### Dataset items

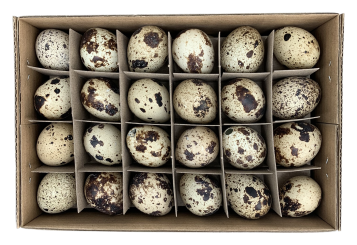 48 Deko Wachteleier natur Deko Ostern 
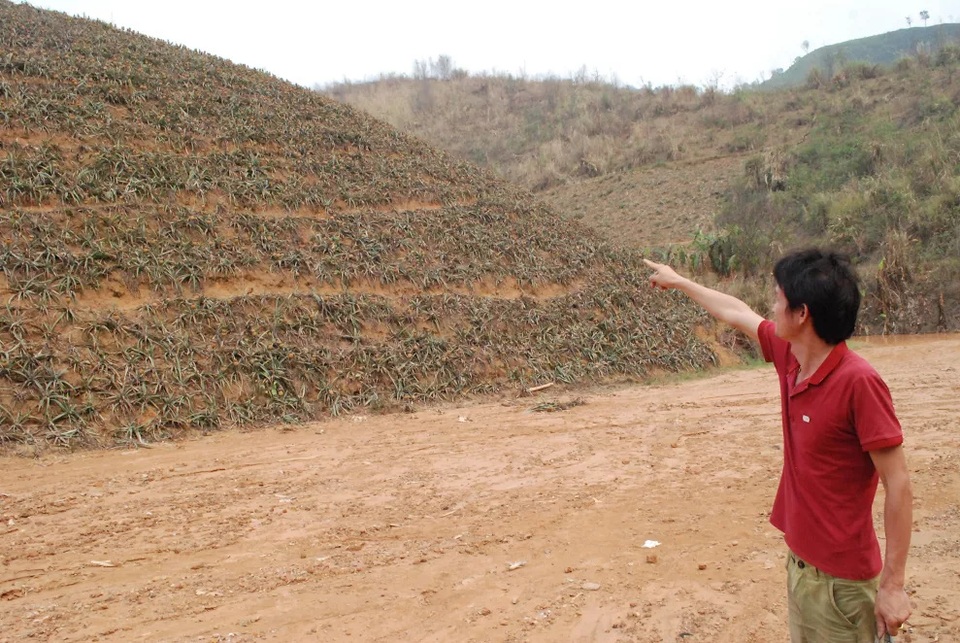 Hàng trăm tấn dứa bị thối do ô nhiễm khói nhà máy - 6
Một đồi dứa đang chín của một nhà dân bị mất trắng.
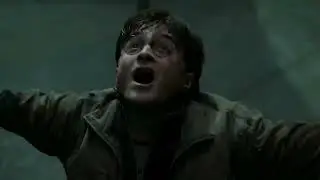 Harry vs Voldemort extended version , Deathly Hallows: Part 2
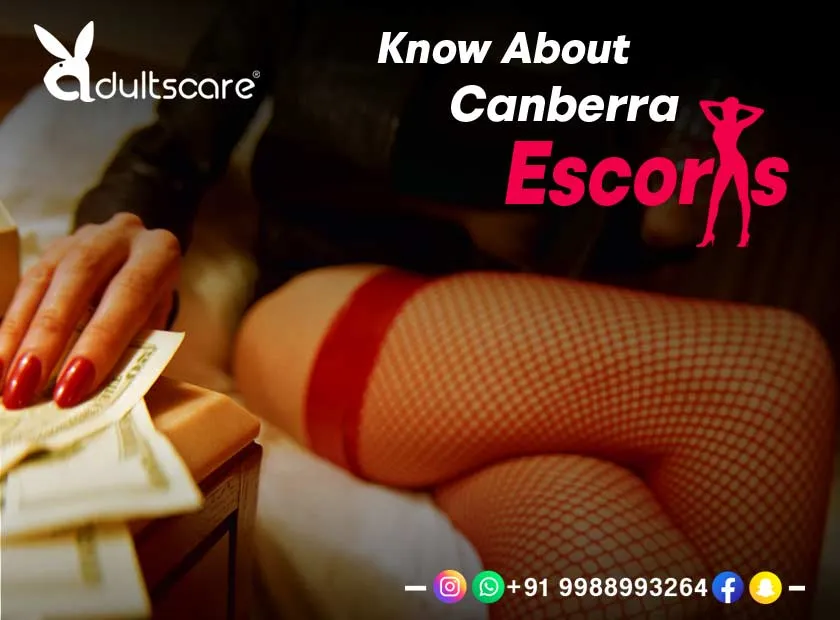 The Most Popular Types of Escorts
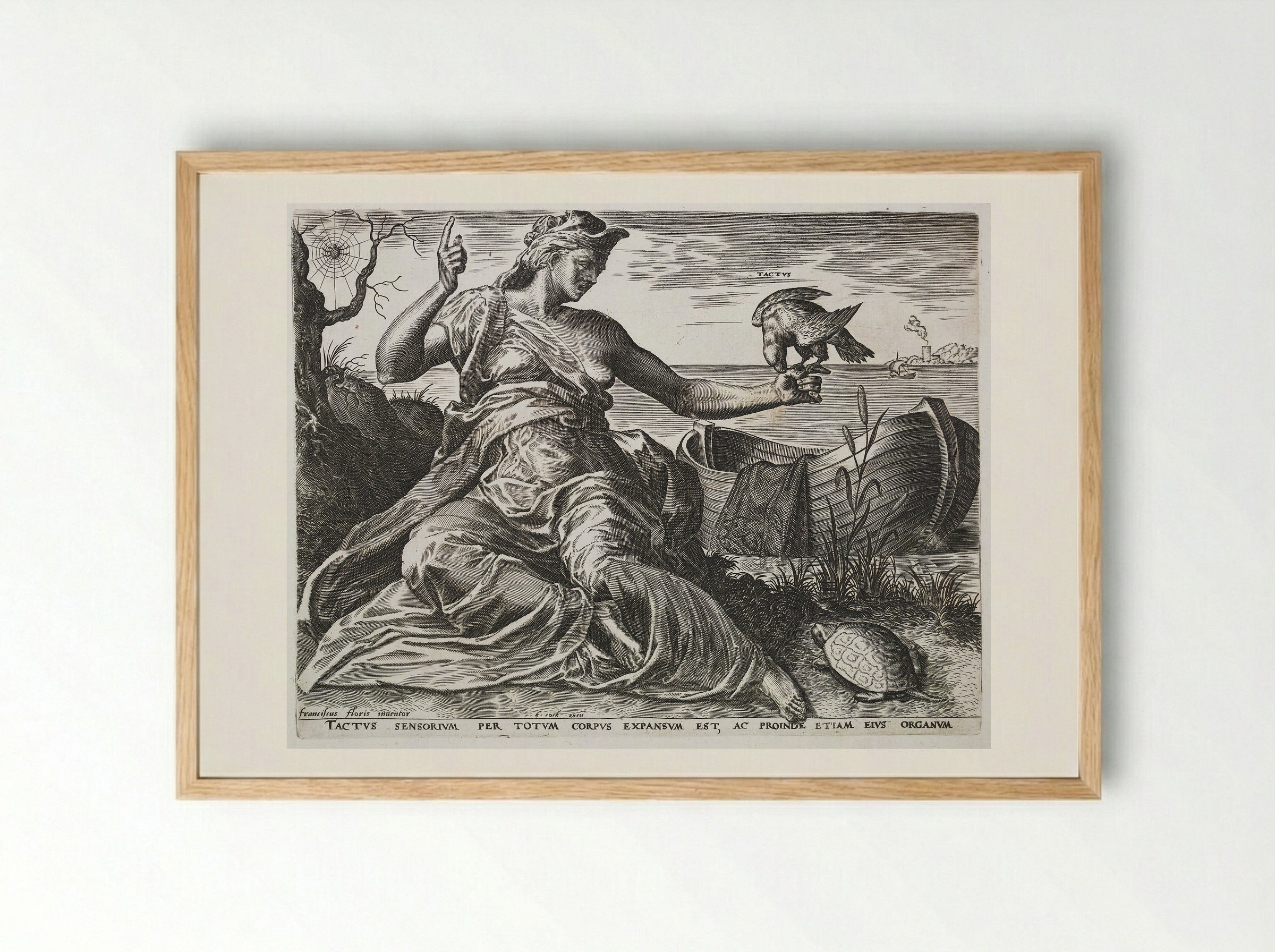Touch (Tactus) - Cornelis Cort - Framed Print Wood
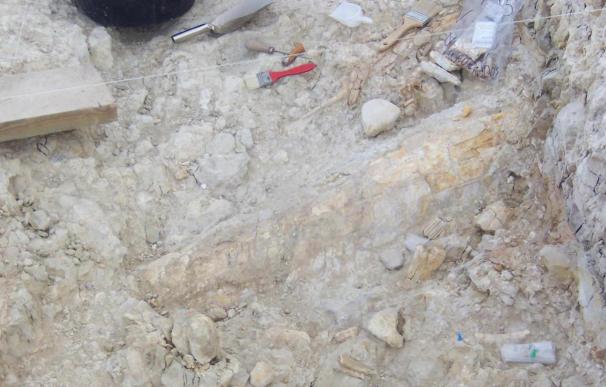 Hallan evidencias de vida humana y restos de grandes mamíferos en Orce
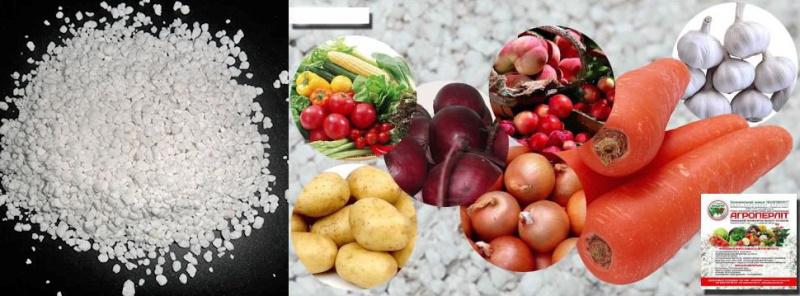stockage des récoltes à l'aide d'agroperlite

### About this exercise
Return only the lines that start at the line containing "Touch (Tactus) - Cornelis" and finish at the last line of the entries, exactly as written and without pictures.

### Response below
Touch (Tactus) - Cornelis Cort - Framed Print Wood
 Hallan evidencias de vida humana y restos de grandes mamíferos en Orce
stockage des récoltes à l'aide d'agroperlite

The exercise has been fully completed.